PROBLEM STATEMENT: Restate the data that follows exactly as it stands, beginning with the first line and ending with the line that contains "Floorplan for Llanbadoc, Usk, Monmouthshire".

Short descriptive text snippets:
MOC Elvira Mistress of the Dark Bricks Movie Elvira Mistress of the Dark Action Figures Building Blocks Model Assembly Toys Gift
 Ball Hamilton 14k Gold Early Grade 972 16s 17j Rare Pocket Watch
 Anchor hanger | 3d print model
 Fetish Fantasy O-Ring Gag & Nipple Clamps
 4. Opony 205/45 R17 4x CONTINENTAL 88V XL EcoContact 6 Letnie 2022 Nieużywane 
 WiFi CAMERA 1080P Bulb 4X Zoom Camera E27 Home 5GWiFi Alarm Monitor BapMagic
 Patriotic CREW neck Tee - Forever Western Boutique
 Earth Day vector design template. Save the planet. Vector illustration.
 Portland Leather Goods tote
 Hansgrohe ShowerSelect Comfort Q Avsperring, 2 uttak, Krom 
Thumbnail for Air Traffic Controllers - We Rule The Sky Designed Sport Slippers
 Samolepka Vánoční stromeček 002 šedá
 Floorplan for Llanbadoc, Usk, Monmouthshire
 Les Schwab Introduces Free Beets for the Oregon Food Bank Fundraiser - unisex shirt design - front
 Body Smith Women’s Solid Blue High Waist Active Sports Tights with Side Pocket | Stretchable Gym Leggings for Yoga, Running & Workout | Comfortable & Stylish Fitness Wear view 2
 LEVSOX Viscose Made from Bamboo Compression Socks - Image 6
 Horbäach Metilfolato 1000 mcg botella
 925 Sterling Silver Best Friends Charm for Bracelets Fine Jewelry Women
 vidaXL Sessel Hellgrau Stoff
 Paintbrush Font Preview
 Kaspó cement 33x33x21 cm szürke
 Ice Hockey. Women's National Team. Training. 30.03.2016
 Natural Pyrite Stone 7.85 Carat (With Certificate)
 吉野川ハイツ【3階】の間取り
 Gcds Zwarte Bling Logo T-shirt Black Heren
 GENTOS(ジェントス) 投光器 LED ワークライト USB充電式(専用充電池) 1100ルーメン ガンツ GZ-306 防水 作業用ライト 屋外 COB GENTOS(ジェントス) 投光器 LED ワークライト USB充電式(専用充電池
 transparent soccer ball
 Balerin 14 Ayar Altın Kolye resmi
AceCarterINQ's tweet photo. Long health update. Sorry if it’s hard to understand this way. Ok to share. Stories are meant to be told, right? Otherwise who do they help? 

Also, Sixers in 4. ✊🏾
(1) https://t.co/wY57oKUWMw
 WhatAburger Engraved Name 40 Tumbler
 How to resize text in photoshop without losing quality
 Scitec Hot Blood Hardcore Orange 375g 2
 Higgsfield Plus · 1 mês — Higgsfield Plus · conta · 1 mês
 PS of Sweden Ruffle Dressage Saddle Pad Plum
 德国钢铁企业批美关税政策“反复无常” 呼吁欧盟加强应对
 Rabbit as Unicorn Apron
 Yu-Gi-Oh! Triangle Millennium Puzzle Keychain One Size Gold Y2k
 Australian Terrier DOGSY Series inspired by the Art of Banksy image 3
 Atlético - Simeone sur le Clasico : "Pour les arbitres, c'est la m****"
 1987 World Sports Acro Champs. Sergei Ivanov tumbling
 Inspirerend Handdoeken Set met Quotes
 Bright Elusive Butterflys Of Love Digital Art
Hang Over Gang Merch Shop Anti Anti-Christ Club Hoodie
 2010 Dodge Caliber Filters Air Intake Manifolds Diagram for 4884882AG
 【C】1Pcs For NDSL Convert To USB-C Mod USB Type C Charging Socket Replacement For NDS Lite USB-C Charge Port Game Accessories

TASK RESULT:
MOC Elvira Mistress of the Dark Bricks Movie Elvira Mistress of the Dark Action Figures Building Blocks Model Assembly Toys Gift
 Ball Hamilton 14k Gold Early Grade 972 16s 17j Rare Pocket Watch
 Anchor hanger | 3d print model
 Fetish Fantasy O-Ring Gag & Nipple Clamps
 4. Opony 205/45 R17 4x CONTINENTAL 88V XL EcoContact 6 Letnie 2022 Nieużywane 
 WiFi CAMERA 1080P Bulb 4X Zoom Camera E27 Home 5GWiFi Alarm Monitor BapMagic
 Patriotic CREW neck Tee - Forever Western Boutique
 Earth Day vector design template. Save the planet. Vector illustration.
 Portland Leather Goods tote
 Hansgrohe ShowerSelect Comfort Q Avsperring, 2 uttak, Krom 
Thumbnail for Air Traffic Controllers - We Rule The Sky Designed Sport Slippers
 Samolepka Vánoční stromeček 002 šedá
 Floorplan for Llanbadoc, Usk, Monmouthshire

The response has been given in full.